Thursday, April 22, 2010

Clothes Make the Man...if he allows them to

“Now when He had spoken these things, while they watched, He was taken up, and a cloud received Him out of their sight.” (Acts 1.9)


The events of the Ascension of Christ, described in Acts and celebrated this year on May 13th, bring to completion the unification of human nature with the Divine Godhead of the Holy Trinity. In His incarnation Jesus Christ, the second person of the Holy Trinity, took on human flesh and united it to Himself. In His Ascension our human nature is forever united to Divinity. Metropolitan Hierotheos of Nafpaktos writes, “So the value of the Ascension is in the fact that the human flesh which was deified by its union with the divine nature of the Word, is seated on the kingly throne, at the right hand of God the Father.”

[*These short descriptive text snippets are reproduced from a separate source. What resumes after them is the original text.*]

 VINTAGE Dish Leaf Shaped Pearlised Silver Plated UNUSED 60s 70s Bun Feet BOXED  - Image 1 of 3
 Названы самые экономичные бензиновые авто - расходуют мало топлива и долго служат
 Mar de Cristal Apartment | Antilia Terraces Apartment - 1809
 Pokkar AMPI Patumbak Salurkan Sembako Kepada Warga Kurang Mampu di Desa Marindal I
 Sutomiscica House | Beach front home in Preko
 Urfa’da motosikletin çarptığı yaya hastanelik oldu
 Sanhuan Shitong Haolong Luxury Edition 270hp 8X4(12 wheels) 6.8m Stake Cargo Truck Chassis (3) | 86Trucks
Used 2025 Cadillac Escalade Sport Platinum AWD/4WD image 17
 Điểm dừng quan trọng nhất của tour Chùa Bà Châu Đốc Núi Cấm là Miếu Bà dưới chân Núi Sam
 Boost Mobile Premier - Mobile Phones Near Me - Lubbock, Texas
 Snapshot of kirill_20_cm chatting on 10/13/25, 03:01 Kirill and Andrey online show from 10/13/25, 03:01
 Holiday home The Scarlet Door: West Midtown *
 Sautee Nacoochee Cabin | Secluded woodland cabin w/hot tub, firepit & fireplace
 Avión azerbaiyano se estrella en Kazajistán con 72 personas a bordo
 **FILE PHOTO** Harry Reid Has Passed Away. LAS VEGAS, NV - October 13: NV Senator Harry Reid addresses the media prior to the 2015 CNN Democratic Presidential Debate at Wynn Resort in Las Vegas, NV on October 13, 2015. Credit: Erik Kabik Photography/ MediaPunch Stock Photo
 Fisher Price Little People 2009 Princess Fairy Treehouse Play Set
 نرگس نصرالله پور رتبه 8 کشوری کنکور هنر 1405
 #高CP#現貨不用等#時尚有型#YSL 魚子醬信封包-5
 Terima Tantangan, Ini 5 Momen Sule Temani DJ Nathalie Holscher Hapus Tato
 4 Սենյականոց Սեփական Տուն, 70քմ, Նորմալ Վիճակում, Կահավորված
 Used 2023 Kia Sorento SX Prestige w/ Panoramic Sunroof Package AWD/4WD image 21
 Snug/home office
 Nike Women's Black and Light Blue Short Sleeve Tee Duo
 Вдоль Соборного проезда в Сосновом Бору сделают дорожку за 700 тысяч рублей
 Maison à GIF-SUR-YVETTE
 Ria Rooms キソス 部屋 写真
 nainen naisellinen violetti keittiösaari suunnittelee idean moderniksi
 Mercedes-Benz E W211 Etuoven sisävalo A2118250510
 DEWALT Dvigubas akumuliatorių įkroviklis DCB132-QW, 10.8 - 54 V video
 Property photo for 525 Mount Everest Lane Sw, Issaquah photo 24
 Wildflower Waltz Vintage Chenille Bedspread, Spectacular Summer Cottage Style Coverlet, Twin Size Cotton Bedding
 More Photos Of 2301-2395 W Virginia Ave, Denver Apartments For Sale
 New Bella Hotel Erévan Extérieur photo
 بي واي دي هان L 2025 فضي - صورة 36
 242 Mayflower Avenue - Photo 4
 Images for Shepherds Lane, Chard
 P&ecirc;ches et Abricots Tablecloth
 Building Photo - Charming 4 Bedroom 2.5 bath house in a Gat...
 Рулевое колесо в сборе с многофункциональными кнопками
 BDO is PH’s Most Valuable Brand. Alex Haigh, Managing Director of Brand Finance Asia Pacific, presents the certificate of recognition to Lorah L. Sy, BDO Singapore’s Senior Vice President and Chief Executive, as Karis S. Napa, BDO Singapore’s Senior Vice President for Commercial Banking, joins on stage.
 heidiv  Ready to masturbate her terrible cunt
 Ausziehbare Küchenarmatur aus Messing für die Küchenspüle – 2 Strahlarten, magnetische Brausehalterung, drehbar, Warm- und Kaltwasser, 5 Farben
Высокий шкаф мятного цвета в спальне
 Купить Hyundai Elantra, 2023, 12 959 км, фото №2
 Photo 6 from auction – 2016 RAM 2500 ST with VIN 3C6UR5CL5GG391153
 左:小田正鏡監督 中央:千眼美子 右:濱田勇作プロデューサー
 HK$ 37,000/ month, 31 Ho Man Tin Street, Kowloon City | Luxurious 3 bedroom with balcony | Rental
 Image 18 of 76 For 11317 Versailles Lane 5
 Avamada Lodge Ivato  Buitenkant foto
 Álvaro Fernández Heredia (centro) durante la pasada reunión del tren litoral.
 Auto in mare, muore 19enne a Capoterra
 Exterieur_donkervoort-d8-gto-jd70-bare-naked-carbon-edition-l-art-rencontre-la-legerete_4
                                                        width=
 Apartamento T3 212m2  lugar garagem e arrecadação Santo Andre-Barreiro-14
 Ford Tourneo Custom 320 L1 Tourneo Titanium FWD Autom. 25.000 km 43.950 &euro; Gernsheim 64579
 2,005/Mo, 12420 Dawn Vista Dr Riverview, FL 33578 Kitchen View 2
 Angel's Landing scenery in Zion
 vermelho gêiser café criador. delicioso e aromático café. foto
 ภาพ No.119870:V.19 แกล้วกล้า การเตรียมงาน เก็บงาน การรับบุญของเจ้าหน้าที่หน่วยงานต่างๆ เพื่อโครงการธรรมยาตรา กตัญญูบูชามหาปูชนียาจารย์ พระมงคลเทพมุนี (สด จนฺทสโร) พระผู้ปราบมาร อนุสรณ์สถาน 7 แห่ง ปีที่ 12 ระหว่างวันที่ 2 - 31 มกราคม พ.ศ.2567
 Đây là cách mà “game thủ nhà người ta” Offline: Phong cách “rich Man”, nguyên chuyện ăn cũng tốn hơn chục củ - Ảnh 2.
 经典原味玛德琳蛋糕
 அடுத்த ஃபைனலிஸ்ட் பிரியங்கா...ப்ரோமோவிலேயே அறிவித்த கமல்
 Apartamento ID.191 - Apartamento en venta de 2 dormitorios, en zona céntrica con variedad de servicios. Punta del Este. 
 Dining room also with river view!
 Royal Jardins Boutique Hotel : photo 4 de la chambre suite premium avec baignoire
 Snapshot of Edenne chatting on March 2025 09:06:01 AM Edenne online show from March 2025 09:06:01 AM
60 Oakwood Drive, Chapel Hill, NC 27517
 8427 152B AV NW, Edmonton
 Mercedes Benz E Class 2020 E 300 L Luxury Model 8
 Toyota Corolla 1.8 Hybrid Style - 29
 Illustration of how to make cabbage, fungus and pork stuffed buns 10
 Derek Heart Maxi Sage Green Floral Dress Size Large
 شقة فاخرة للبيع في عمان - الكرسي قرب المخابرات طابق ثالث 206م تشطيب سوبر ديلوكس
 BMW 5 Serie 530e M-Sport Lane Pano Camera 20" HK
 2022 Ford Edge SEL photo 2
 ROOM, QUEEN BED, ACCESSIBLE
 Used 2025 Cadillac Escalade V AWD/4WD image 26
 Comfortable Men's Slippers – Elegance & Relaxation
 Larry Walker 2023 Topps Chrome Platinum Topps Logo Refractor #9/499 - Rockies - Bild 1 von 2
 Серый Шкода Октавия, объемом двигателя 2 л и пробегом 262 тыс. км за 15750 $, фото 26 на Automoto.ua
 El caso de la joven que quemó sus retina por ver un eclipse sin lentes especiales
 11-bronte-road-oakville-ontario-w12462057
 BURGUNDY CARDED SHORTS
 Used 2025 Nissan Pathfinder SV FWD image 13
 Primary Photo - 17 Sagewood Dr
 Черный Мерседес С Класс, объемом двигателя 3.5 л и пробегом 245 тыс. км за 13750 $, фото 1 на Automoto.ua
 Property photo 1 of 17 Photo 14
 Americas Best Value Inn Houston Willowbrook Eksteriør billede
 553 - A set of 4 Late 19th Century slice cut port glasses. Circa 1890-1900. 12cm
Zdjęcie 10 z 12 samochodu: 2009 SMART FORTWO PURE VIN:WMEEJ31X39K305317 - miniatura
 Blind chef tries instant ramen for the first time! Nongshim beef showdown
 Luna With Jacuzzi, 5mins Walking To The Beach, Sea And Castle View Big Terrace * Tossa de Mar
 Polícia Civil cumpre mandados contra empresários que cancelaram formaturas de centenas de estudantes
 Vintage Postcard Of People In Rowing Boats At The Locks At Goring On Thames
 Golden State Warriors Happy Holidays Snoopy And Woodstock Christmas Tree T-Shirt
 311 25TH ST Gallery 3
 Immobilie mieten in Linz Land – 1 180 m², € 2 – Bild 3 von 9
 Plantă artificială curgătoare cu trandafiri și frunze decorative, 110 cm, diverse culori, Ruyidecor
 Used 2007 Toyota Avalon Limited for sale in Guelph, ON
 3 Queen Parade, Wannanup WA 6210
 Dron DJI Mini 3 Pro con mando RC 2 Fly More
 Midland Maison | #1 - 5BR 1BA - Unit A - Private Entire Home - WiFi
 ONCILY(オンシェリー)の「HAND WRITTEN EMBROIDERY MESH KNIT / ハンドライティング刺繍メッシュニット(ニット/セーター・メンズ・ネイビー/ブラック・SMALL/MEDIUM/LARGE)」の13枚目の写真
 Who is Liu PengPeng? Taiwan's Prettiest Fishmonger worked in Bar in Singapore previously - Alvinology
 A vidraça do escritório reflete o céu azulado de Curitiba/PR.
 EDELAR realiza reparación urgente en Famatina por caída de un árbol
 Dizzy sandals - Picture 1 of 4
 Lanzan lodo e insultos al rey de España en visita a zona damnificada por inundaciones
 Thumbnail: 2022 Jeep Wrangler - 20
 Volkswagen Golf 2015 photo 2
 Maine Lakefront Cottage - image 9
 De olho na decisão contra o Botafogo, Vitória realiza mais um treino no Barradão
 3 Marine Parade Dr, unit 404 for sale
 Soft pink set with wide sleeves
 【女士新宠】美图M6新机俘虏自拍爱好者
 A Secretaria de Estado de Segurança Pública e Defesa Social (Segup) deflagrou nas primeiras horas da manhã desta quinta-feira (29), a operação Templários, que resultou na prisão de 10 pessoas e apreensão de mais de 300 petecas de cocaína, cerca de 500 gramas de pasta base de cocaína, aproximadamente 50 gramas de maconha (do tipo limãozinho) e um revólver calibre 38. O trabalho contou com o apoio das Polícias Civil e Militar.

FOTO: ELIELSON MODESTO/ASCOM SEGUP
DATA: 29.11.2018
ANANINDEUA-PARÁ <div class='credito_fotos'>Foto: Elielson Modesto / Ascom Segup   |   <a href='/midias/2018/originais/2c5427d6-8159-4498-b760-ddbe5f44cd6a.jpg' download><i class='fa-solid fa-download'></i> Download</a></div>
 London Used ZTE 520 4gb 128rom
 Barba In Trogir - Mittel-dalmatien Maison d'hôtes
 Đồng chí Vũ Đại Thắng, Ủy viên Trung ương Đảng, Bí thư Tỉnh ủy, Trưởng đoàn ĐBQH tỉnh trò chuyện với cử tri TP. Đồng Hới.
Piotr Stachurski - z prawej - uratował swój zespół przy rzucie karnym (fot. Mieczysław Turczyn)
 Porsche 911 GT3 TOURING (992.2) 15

In today’s society we are fond of blaming many sinful and hurtful behaviors on human nature. “It’s human nature…” begins many defense arguments. But as Christians we are united to Jesus Christ in our Baptism and therefore we have a NEW nature. We are a new creation clothed with Christ Himself. “For as many of you as were baptized into Christ have put on Christ.” (Galations 3.27) This quotation from Saints Paul’s Epistle is sung at every baptism in the Orthodox Church and it reflects the reality that we have died to the world and are born anew in Christ. In the sense of our Baptism, clothing really does make the man.


Indeed the clothing we wear every day effects our behavior doesn’t it? We dress for the occasion. I’ve never seen a farmer plow his fields wearing a tuxedo nor have I seen a judge rule in a case wearing a swimsuit. So how can we continue to live a life of sin clothed with God? After our baptism we were clothed in white to signify the purity of our new nature, but as we live in the world we soil the inner garments of our soul every time we sin.


When Christ ascended to His Throne, He took our new nature with Him and forever united us to divinity. The next time we think about our behavior, either in public or in private, we should think about what it will do to our new white clothes. If we want to keep ourselves clean and pure, and we think about our new white clothes we are wearing, maybe we can avoid the sinful behaviors that will leave behind the residue of sin.


Christ ascended the Throne of God and now we “may be partakers of the divine nature, having escaped the corruption that is in the world through lust.” (2 Peter 1.4) We have been clothed in Christ; let our clothing make us who we really should be.